Padussis is assistant professor, Department of Surgical Oncology, University of Nebraska Medical Center, Omaha, Nebraska.

Lauer is a pathologist and Associate Professor in the Department of Pathology and Microbiology at the University of Nebraska Medical Center, where he holds the James M.D. Distinguished Pathology Residency Program Director Chair.

Talmon is a professor in the Department of Pathology and Microbiology at the University of Nebraska Medical Center, specializing in gastrointestinal, renal, and placental pathology.


A 33-year-old White woman had been having some nonspecific intermittent abdominal pain for the past 2 years, which had been attributed to various different conditions including uterine fibroids, irritable bowel syndrome, fibromyalgia, and pelvic floor dysfunction.
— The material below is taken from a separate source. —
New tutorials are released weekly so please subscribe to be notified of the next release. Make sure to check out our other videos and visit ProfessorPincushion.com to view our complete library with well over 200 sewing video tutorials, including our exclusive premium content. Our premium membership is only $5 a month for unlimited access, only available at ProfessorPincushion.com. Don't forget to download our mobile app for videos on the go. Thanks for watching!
After visits to several different health care provider, a CT scan of the abdomen and pelvis eventually revealed a large lobulated mesenteric mass measuring 13.5 x 9.5 cm (Figure 1). A CT-guided biopsy of this mass revealed proliferation of epithelioid to spindled cells with moderate eosinophilic cytoplasm (Figures 2A and 2B). Immunohistochemical stains of the biopsy specimen were strongly positive for DOG1 (Figure 2C), CKIT, and CAM5.2; weakly positive for cytokeratin AE1/AE3; and negative for CK7, CK20, S100 protein, desmin, chromogranin, synaptophysin, CDX2, TTF1, PAX8, calretinin, and ER. WT1 was positive with cytoplasmic staining but negative with nuclear staining. The mitotic rate was estimated to be at least 2 per 50 high-power fields (HPF). No necrosis was identified.
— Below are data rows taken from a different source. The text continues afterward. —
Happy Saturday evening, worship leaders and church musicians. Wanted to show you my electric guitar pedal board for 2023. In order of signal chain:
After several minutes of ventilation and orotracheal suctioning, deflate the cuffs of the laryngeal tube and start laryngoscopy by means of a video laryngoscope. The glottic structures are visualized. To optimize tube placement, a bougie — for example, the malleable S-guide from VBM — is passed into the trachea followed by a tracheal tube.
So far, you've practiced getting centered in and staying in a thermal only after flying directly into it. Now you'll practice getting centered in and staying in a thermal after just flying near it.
Figure 1. Lobulated Mesenteric Mass Prior to Neoadjuvant Imatinib.

A gastrointestinal stromal tumor (GIST) mutation panel (analyzing KIT, PDGFRα, and BRAF genes) was performed on DNA extracted from the biopsy using next-generation sequencing (50% estimated tumor cellularity). Two mutations were detected: KIT p.A502_Y503dup (c.1504_1509dupGCCTAT; exon 9; pathogenic; 48% variant allele frequency) and BRAF p.R444W (c.1330C>T; exon 11; likely pathogenic; 28% variant allele frequency). No PDGFRα mutations were identified.

Figure 2. Sections Demonstrate a Proliferation of Spindled to Epithelioid Cells (hematoxylin and eosin stain, 200x magnification) (A&B); DOG-1 Immunohistochemical Staining (C).

After 8 weeks of neoadjuvant therapy with imatinib 800 mg by mouth (po) daily, CT scans showed interval decrease in the patient’s mesenteric mass, down to 8.3 x 6.2 cm (Figure 3A). After another 4 weeks of neoadjuvant imatinib, CT scans did not show any further significant decrease in the size of the mass (8.1 x 6.2 cm) (Figure 3B).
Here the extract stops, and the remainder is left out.